This is the Ferrari 321T3 that took Gilles Villeneuve to his maiden Grand Prix victory, confirming a talent that was to become one of the greatest of all. Mark Hales climbs aboard to pay his respects
The last Formula One car I drove was a March 891. It was powered by a 3.5-litre V10 motor built by Ilmor, the people who build the Mercedes engine in today’s McLaren. It was about halfway into the electronic and aerodynamic revolution that led to the space-age missiles of today, but its technology was only for the small of stature. I could only fit in the one-piece carbon-fibre tub after the seat, moulded to fit Austrian comingman Karl Wendlinger, had been removed. Even then I stuck out of the cockpit like a duck coming up from a dive and couldn’t bend my elbow enough to reach the gearlever properly. The engine could only be started by a technician with a briefcase and the tyres had to have warmers to be safe on lap one. The chassis preferred minute attention to aerodynamics, rather than alteration of roll bars or springs or other old-fashioned stuff, and it was so close to the ground and had so little droop travel on its suspension that the tub beached on the yellow lines between paddock and track.
Once out there, I was allowed to rev it to a conservative 14,000rpm as the combination of wind battering my protruding helmet and a brutal mix of 750bhp and 3G lateral acceleration or thereabouts through Club Corner was enough to wilt my neck muscles inside 10 laps. I’ve never experienced anything quite like it, before or since.
Awesome, both technically and physically, but… it was a March. A good car; a successful car. But a hybrid. It was a mix of clever people’s ideas and someone else’s engine and gearbox.

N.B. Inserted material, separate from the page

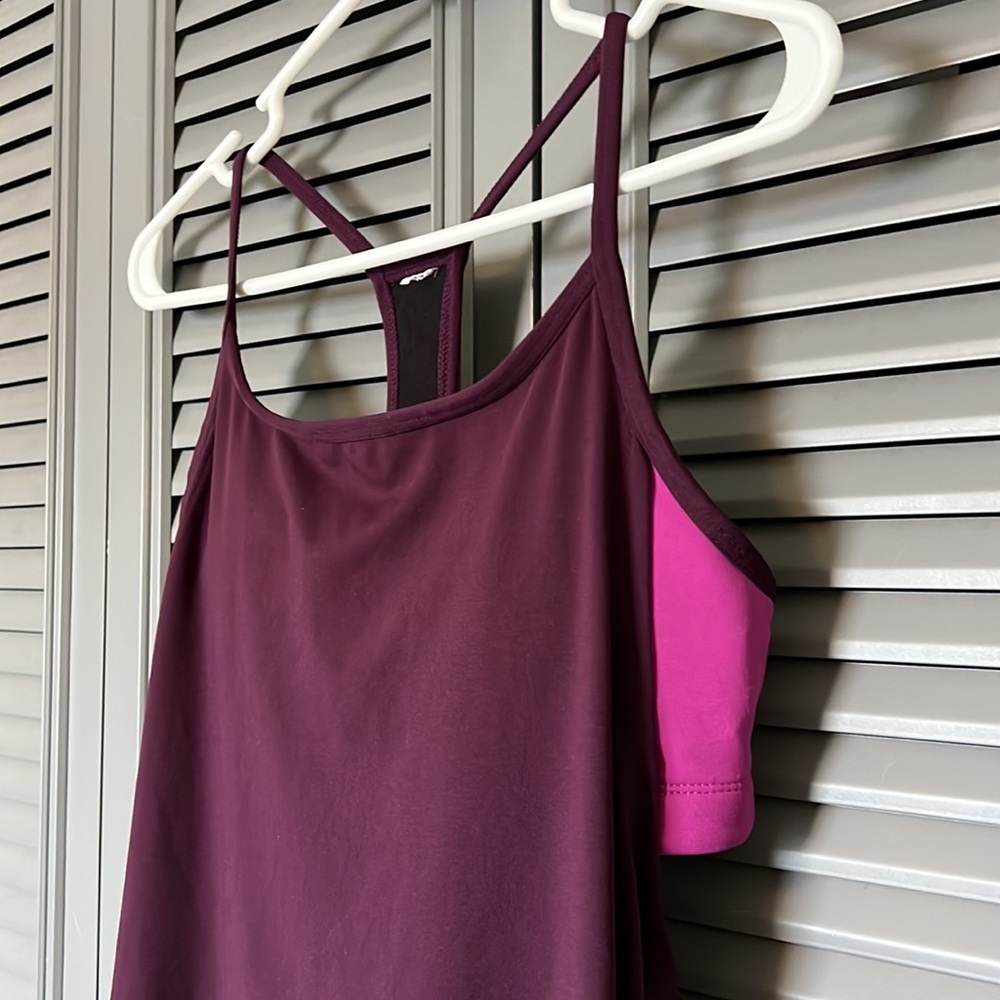 FABLETICS : Workout Tank - M - Picture 2 of 10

It wasn’t a Lotus or a Williams which, while similarly configured laid claim to a greater pedigree and it was not, definitely not, a Ferrari.
Nobody I know can successfully explain what it is about Ferrari, but they all acknowledge there is definitely something. It’s the something which makes every driver with the talent long to drive the red cars with the famous exception of Lanfranchi, who passed up the opportunity because Enzo Ferrari wouldn’t pay for a plane ticket to Fiorano and besides, Tony would have had to give up fags, booze and birds. What Tony eschewed was enough to make Schumacher senior pass up the chance of a third consecutive championship with Benetton. It wasn’t just the money, whatever the press might say.

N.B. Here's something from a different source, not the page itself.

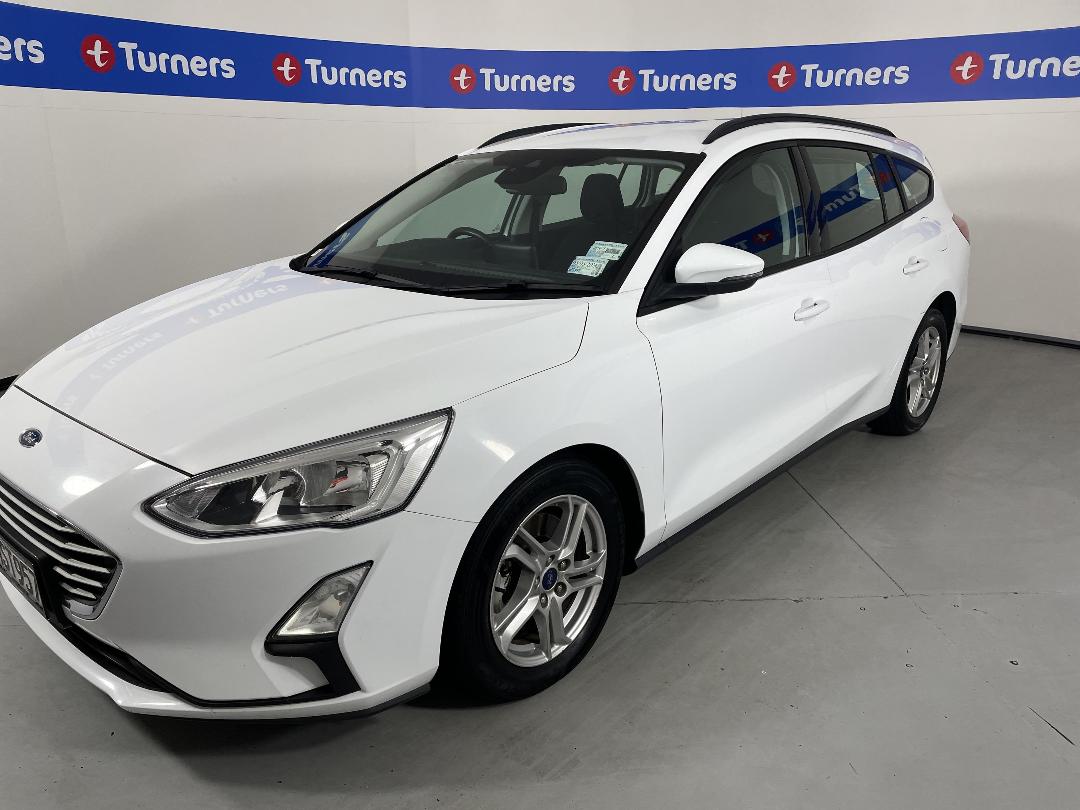 Photo '4' of Ford Focus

The March experience was a few years ago now, but today’s job would be at the same venue – Silverstone’s South Circuit. Today though was to be very special in my life. Today I would drive a Formula One Ferrari. Today I would sit in a cockpit once occupied by Gilles Villeneuve, the man who was so uncomplicated in his love of driving that everybody loved him for it. The man whose touch in adversity helped carry the prancing horse through bleak times and who struck his rivals a psychological blow whenever it rained just as Schumacher does now. And it was in this very Ferrari 312T3, chassis number 034, that, in 1978, Gilles steered to victory at his home Grand Prix in Canada.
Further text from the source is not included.